Ele recuou quando o interrompi. Seus olhos pareciam tensos e esboçavam um claro receio.

— Sendo sincera — continuei, — odeio quando vocês citam pessoas que eu nem conheço, ainda mais quando dizem que ela tem alguma relação comigo ou baboseiras desse tipo. É como se eu fosse a única a não entender a língua de vocês.

Alexander parecia querer falar alguma coisa, mas sempre que sua voz ia sair, ele parava. Claramente o loiro estava relutante.

Após nossa conversa, ficamos em silêncio. O tempo começou a passar e quase todos na mesa já estavam “conscientes”. Já tinham se passado 20 minutos e nada do Liel retornar. Comecei a sentir um frio na barriga; não sei o porquê, mas tinha um mau pressentimento. Por isso, decidi ir atrás dele e avisei a todos que estavam aqui que iria procurar por ele.

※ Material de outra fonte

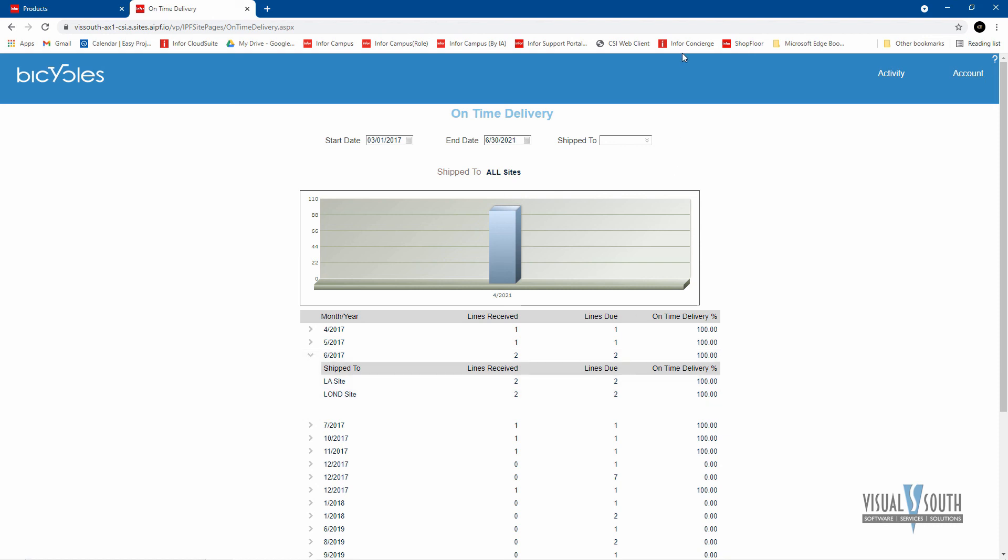So that is a quick look at the customer and vendor portals. And of course the reseller portal and customer portal, very similar, but works on a commission basis, as opposed to a reseller base. Thank you for watching.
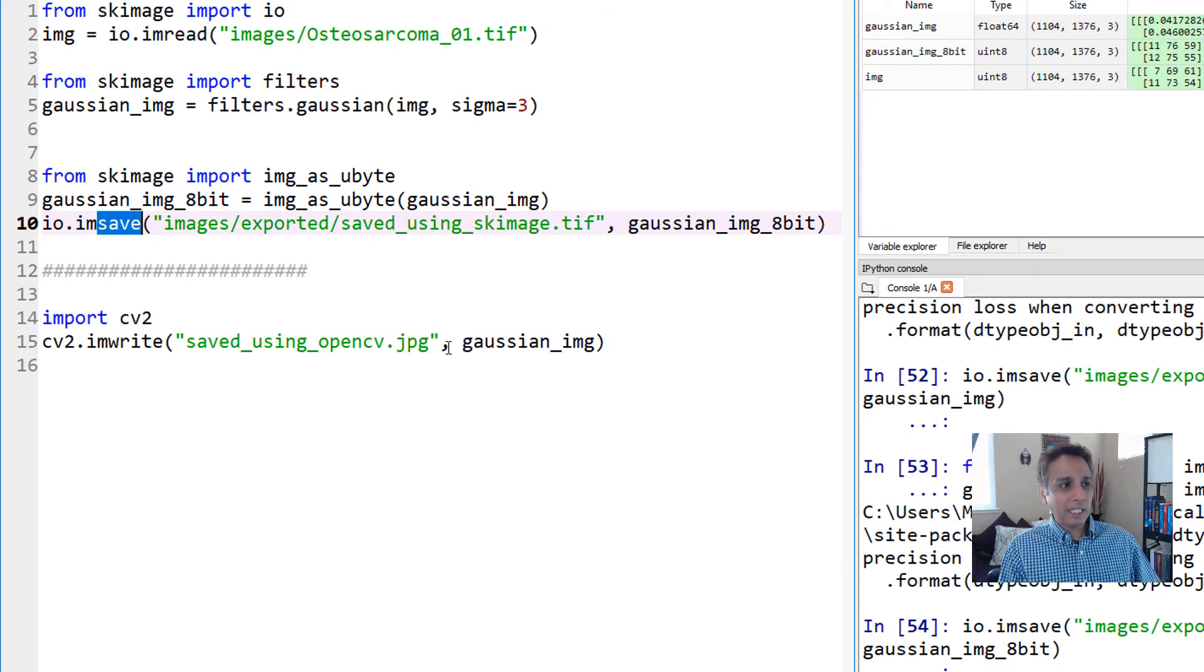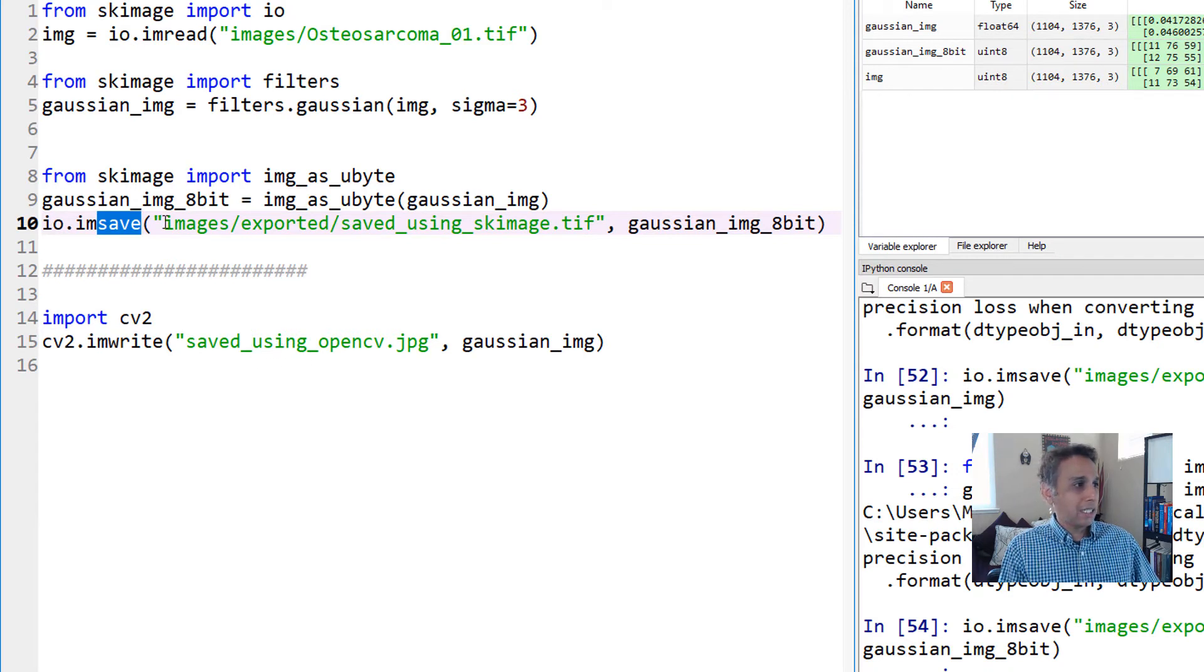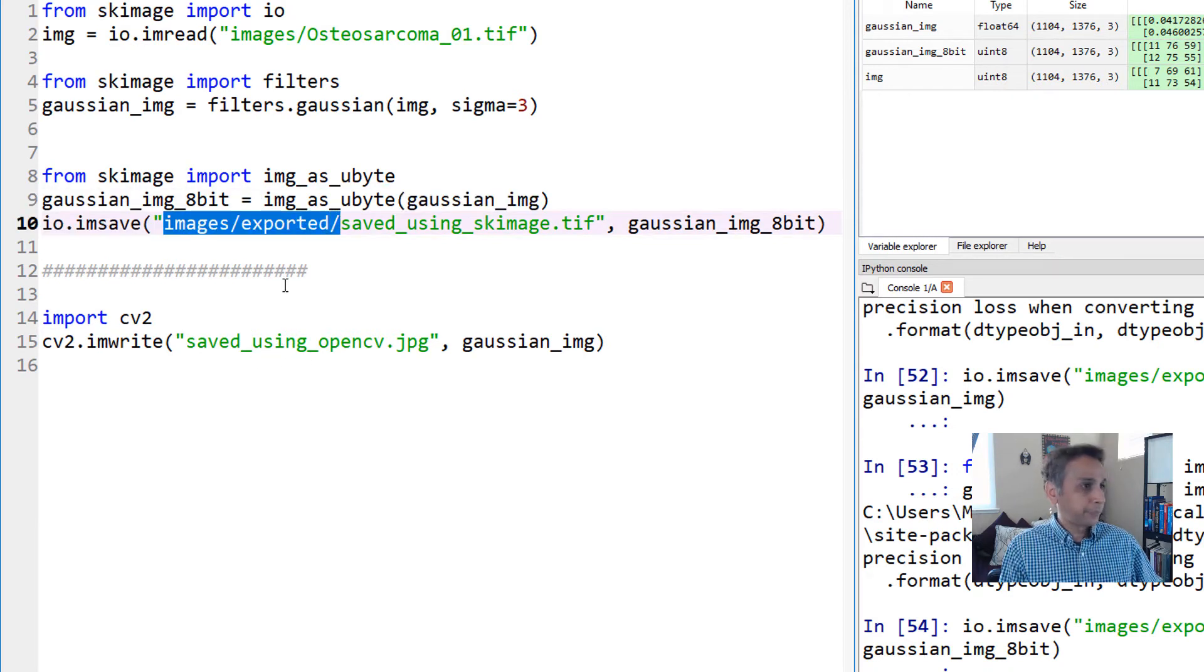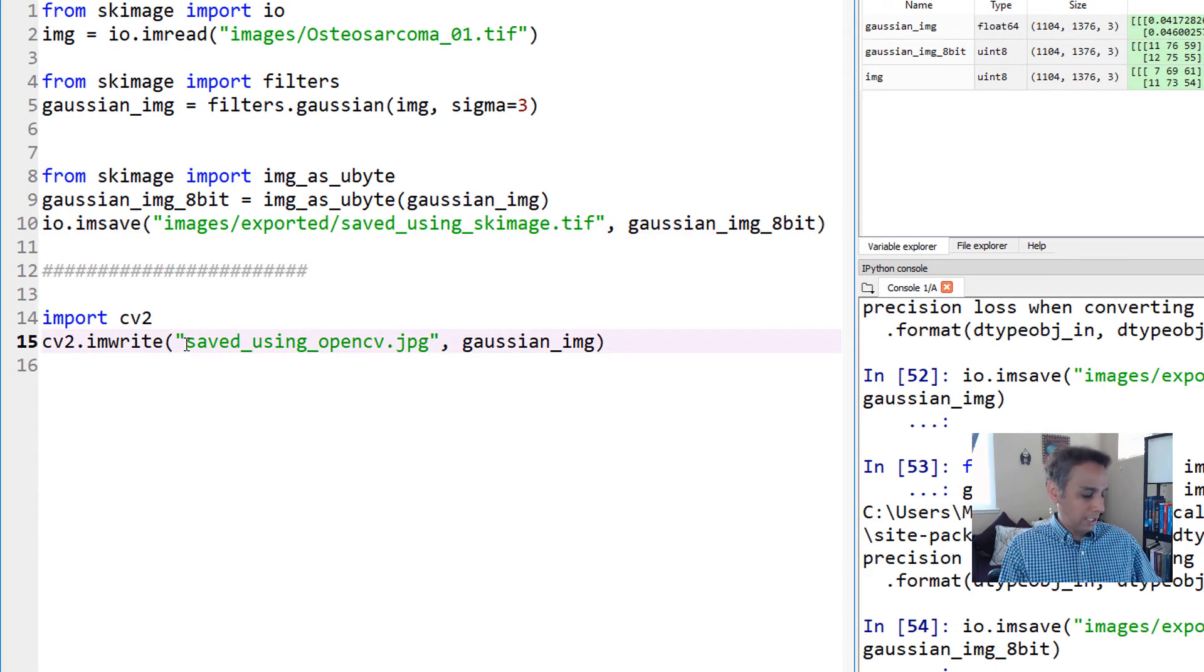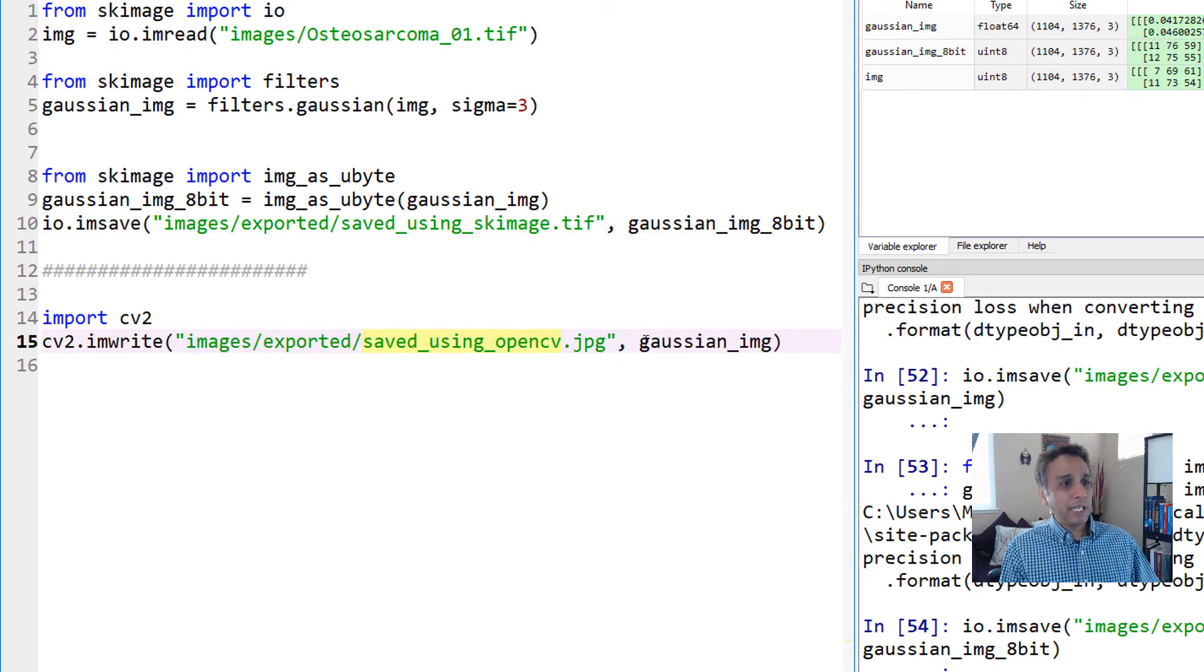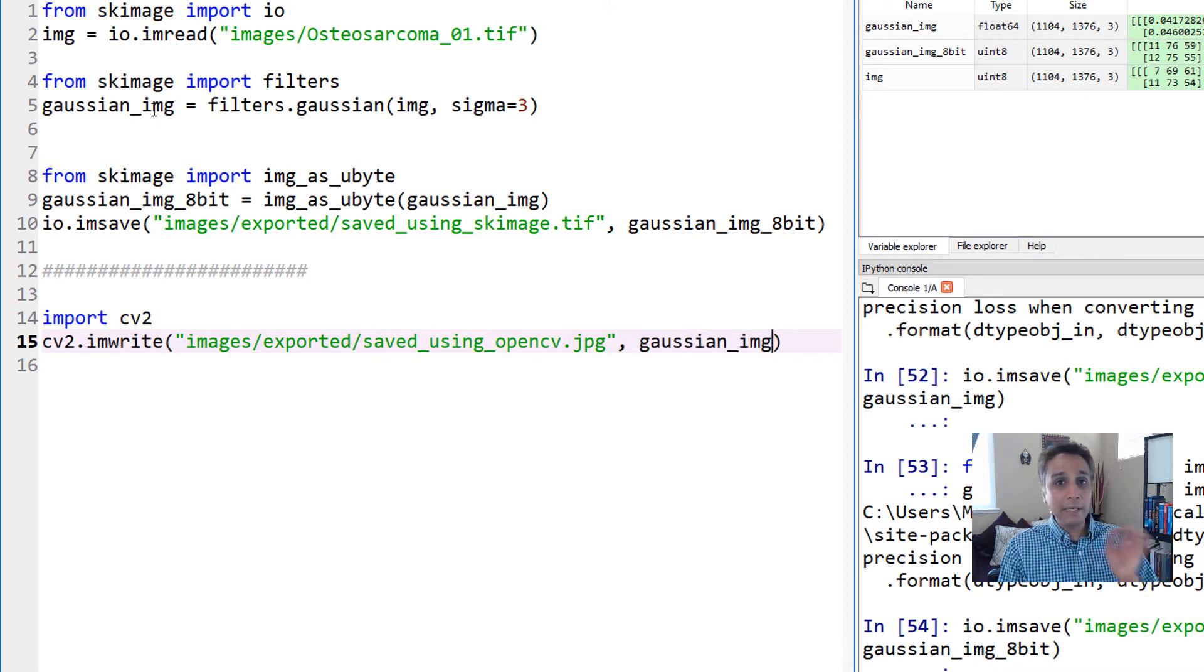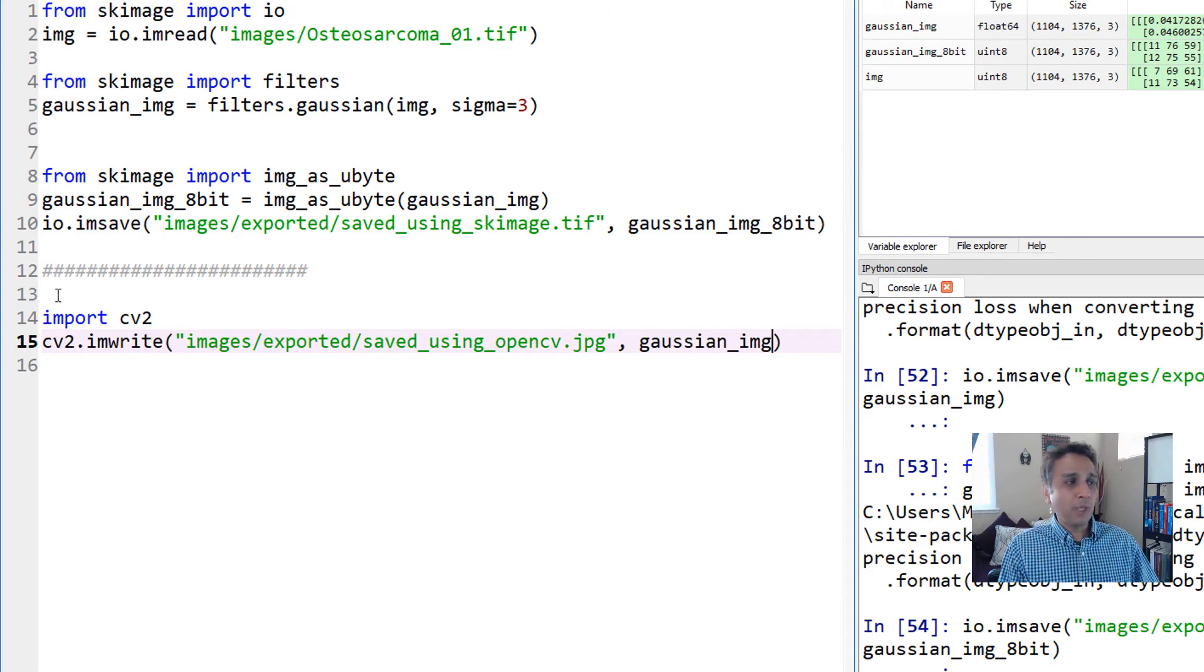This is the filename, and I'm saving gaussian_img, which is our floating point image, not the 8-bit. I'm doing this just to see what happens.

Depois de me levantar, segui pelos corredores. Por sorte, apenas havia um banheiro na direção que ele havia ido, então não seria difícil de achá-lo. Foi do jeito que pensei: em poucos minutos, em meio à multidão, o encontrei. Só que, diferente do que eu esperava, o garoto não estava sozinho; havia uma outra presença muito familiar. O cabelo curtinho, o piercing na lateral da boca… Ah, merda! Eu tenho que correr. Isso não é um bom sinal.